Web page caption snippets:
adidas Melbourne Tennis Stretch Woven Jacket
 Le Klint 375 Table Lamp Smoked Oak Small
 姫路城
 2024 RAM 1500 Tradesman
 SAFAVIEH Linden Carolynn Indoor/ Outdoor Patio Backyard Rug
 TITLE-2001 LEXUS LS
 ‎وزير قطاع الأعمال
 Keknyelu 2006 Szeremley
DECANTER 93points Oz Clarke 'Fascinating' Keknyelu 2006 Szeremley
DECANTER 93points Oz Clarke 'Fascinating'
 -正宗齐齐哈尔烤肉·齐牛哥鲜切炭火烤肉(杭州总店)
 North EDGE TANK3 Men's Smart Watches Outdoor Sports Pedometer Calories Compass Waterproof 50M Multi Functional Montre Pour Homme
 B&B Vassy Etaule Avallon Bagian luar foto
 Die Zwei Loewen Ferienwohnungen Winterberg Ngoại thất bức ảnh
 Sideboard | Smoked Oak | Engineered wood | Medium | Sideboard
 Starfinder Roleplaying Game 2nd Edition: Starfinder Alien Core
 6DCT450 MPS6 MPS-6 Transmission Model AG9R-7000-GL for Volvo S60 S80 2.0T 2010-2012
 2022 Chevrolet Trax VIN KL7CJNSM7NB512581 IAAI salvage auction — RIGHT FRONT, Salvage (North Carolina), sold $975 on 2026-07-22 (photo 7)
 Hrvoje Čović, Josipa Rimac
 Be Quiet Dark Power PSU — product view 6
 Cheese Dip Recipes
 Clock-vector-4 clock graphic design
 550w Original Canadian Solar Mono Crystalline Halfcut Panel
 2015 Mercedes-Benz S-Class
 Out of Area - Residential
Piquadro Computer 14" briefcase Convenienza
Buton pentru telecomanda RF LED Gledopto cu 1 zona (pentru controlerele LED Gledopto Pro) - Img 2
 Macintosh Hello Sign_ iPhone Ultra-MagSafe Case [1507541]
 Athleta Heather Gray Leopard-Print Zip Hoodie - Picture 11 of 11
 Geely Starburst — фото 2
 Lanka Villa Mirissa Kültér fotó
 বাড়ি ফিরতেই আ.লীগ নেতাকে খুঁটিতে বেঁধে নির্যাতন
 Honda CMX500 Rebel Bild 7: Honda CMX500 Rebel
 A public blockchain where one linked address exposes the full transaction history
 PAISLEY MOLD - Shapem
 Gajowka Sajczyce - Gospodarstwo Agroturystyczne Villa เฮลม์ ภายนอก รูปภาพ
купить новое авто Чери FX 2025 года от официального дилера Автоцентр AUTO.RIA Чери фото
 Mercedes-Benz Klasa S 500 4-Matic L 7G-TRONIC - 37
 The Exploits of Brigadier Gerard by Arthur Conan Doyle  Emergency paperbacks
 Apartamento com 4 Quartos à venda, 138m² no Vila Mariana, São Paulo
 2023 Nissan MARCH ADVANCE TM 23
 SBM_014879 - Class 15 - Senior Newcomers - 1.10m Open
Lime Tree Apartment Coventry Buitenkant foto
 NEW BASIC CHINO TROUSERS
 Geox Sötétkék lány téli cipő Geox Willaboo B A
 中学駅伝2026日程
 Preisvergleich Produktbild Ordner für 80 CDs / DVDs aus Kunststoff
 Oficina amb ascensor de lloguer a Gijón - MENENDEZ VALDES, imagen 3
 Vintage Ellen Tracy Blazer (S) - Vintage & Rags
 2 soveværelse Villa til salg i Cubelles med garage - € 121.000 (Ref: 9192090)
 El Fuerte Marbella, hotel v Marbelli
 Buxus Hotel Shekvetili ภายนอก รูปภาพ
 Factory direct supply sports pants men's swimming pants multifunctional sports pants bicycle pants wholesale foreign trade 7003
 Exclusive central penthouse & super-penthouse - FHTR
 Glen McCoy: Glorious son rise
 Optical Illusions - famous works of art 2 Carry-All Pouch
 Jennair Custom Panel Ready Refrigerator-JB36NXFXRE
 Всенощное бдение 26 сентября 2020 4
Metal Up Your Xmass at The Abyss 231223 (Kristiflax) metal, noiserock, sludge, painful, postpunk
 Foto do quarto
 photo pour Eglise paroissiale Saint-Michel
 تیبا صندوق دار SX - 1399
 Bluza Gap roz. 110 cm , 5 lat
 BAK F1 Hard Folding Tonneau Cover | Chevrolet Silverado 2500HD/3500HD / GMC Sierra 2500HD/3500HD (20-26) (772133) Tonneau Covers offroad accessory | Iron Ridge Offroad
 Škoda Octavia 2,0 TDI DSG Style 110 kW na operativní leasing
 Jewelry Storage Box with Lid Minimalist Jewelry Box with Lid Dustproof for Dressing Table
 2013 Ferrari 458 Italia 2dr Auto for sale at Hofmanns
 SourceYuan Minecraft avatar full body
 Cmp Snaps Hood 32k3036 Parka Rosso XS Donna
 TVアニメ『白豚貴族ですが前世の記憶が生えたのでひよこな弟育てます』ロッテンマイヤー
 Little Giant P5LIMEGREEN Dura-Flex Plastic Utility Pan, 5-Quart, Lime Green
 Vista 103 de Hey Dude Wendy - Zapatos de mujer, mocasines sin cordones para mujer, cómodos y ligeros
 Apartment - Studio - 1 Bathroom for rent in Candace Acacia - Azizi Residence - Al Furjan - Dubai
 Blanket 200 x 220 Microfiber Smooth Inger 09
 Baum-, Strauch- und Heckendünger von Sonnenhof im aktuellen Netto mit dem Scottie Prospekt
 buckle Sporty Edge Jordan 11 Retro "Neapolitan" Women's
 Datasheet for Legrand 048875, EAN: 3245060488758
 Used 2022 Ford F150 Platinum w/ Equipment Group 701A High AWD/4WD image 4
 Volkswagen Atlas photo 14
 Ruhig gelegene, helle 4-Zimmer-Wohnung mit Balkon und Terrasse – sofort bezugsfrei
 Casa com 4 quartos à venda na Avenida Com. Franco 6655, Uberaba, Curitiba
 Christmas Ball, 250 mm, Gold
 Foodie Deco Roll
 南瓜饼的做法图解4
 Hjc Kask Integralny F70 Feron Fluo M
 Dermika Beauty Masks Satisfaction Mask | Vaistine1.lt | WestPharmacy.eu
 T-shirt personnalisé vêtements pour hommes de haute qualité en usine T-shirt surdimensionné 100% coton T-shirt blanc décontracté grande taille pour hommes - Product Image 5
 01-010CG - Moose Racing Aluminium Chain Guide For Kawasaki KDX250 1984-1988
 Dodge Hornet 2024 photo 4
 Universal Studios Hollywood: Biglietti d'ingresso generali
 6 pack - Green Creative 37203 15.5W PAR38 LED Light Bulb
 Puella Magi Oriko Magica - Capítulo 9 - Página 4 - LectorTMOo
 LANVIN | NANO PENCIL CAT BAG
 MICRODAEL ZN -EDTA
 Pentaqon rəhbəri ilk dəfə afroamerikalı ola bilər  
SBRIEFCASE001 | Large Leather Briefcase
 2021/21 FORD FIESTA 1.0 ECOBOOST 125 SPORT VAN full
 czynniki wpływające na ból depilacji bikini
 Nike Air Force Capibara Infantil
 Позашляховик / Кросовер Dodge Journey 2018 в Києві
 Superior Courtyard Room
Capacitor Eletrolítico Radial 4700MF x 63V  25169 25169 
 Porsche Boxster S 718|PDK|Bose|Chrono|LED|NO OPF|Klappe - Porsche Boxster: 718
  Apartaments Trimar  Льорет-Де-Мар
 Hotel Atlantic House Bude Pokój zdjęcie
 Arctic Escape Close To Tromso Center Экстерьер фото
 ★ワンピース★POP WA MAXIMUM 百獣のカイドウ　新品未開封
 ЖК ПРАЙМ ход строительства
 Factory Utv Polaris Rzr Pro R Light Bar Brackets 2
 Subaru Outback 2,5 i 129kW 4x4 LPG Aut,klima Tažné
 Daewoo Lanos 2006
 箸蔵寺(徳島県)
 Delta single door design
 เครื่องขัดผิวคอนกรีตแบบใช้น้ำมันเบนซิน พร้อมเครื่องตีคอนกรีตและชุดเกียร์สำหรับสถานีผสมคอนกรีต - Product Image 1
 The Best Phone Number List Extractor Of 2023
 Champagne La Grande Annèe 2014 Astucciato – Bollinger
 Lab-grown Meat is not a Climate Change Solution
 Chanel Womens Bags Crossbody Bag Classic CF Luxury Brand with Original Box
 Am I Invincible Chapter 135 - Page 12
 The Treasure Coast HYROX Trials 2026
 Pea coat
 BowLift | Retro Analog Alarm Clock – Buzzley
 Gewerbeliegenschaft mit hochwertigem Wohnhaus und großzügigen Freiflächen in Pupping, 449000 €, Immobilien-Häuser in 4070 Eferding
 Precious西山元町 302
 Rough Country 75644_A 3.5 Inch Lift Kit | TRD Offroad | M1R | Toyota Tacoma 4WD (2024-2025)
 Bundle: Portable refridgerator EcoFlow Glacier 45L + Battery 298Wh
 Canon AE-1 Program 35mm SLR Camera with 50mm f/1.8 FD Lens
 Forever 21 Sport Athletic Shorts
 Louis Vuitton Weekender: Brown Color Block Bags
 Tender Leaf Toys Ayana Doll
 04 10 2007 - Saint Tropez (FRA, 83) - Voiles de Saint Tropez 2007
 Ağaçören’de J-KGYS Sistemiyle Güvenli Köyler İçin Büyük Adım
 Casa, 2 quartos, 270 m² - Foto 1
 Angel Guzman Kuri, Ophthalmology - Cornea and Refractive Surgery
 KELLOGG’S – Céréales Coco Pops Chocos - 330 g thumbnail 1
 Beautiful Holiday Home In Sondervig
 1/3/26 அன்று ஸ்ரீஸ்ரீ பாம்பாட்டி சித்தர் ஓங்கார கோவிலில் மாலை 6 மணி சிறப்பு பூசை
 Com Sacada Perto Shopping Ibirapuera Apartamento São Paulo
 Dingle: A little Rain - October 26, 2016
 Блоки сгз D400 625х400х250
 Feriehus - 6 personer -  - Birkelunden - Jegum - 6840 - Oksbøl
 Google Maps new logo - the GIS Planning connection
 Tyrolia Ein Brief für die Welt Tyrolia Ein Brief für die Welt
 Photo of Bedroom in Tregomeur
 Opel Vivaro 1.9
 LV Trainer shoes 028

Problem description
Please give only the number of lines above that contain "Lime".

Written solution
2